[[ Material provided, beginning ]]

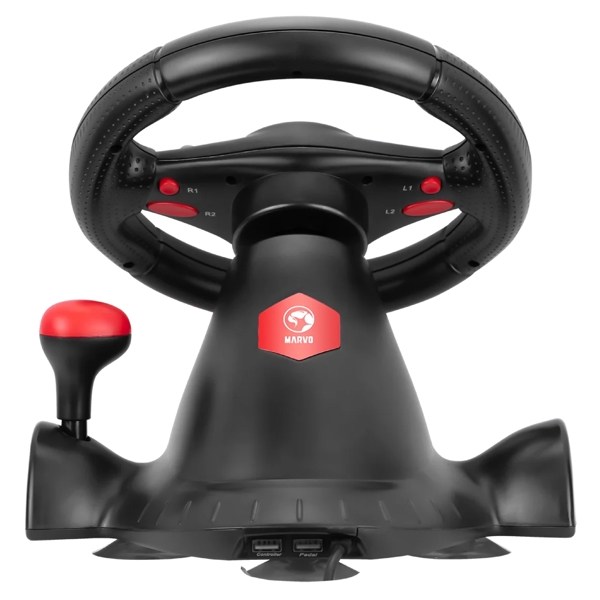 კომპიუტერული საჭე Marvo GT-903 ONAGA 30, Android, PS4, PS3, XBOX One, XBOX 360, Racing Wheel, Black
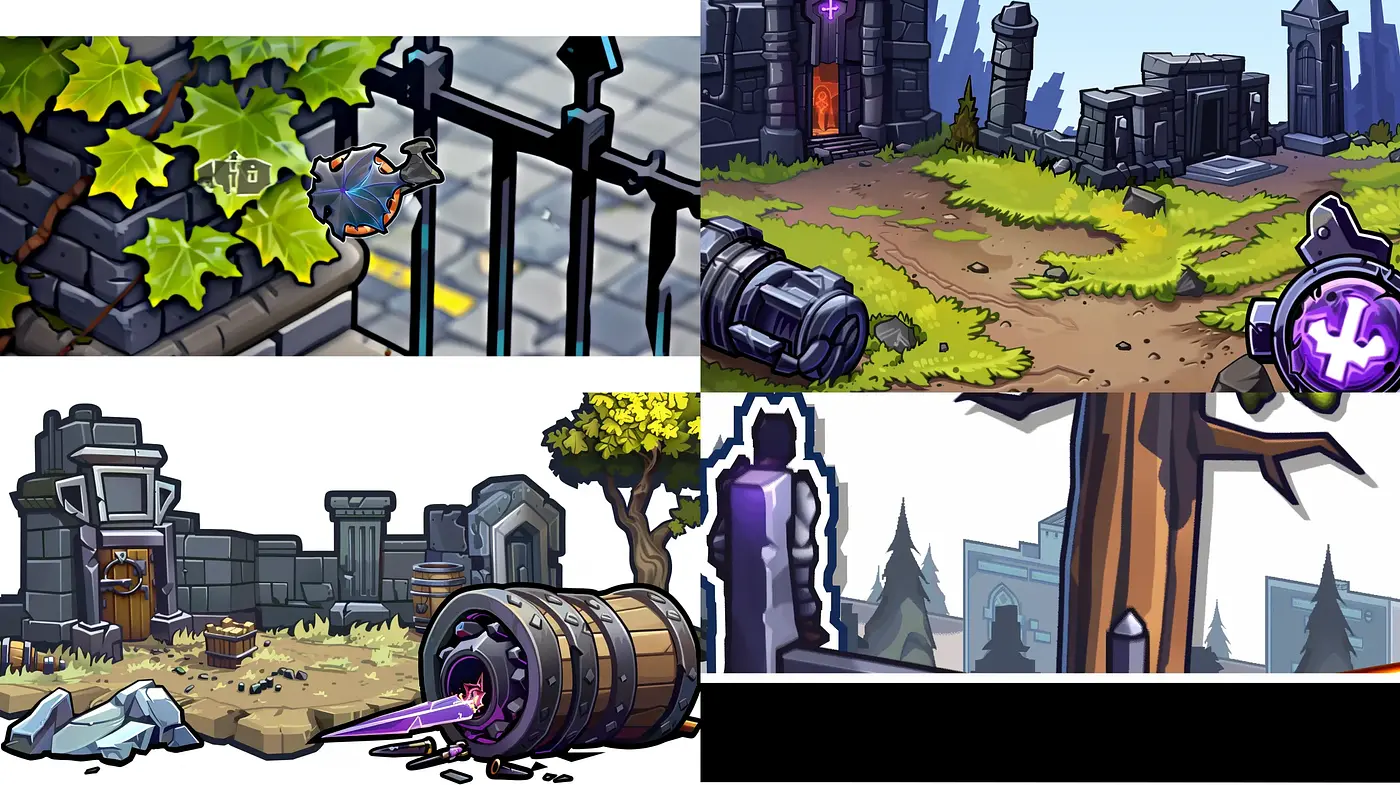 Stylized Fantasy Game Concept Art with Vibrant Contrasts and Dynamic Textures - Midjourney sref style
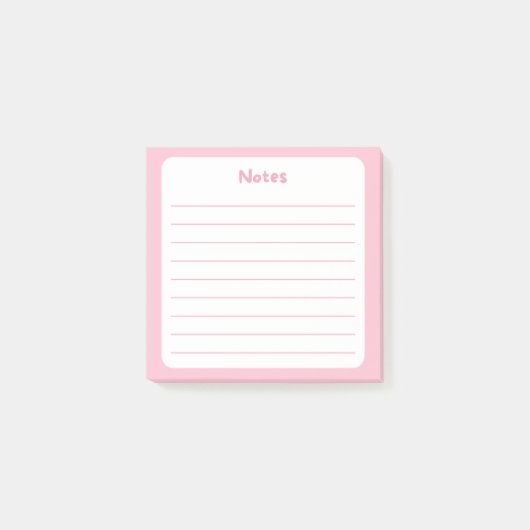 Lichtroze gevoerd Sticky Note Pad (Voorkant)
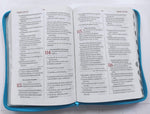Biblia Reina Valera 60 letra gigante azul gris índice cierre PJR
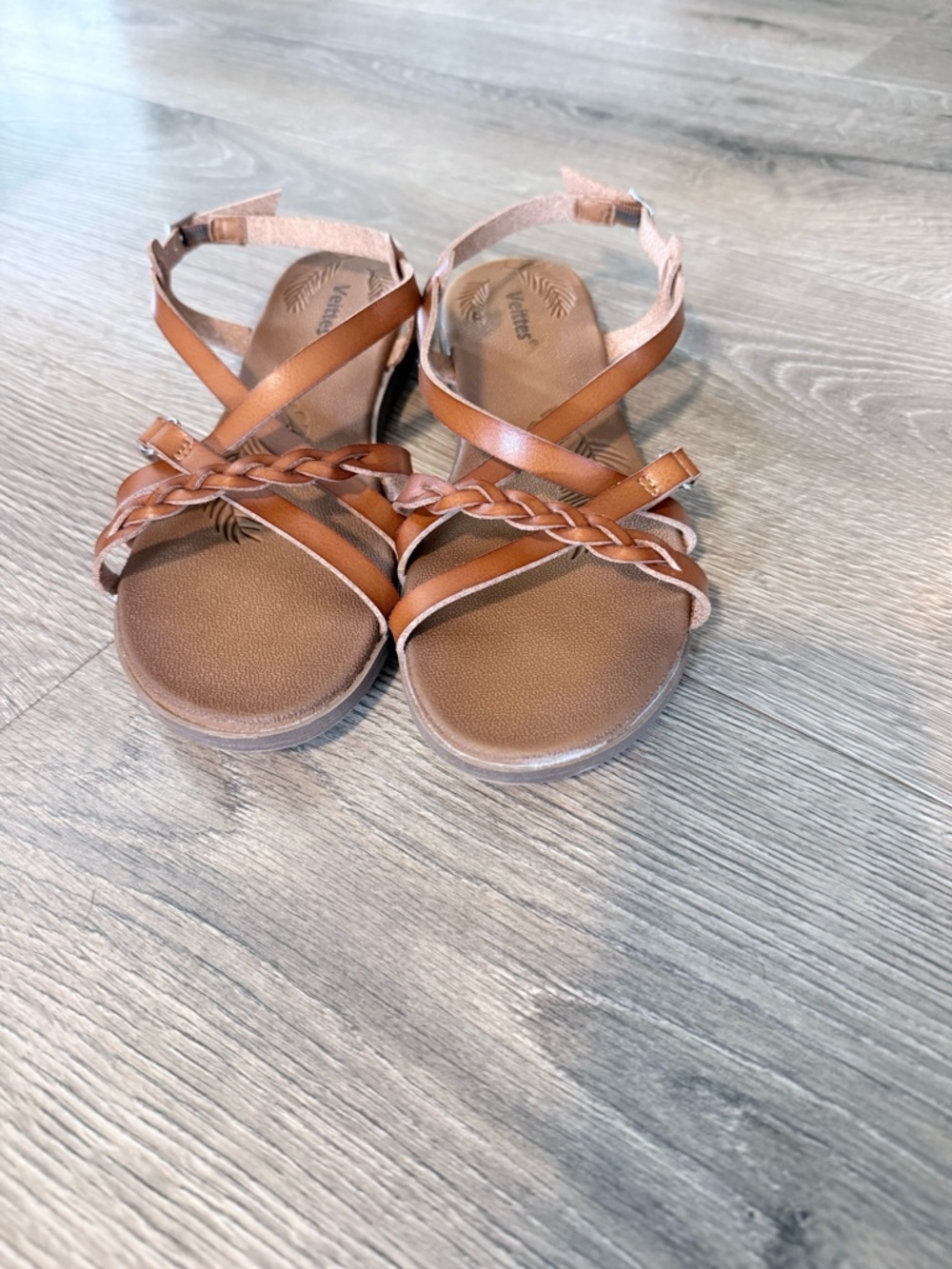Women's Brown Braided Strap Sandals with Ankle Closure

[[ Material provided, end ]]

| Exercise brief |
Could you retype every record exactly, leaving the pictures out?

| Answer for this exercise |
 კომპიუტერული საჭე Marvo GT-903 ONAGA 30, Android, PS4, PS3, XBOX One, XBOX 360, Racing Wheel, Black
 Stylized Fantasy Game Concept Art with Vibrant Contrasts and Dynamic Textures - Midjourney sref style
 Lichtroze gevoerd Sticky Note Pad (Voorkant)
Biblia Reina Valera 60 letra gigante azul gris índice cierre PJR
Women's Brown Braided Strap Sandals with Ankle Closure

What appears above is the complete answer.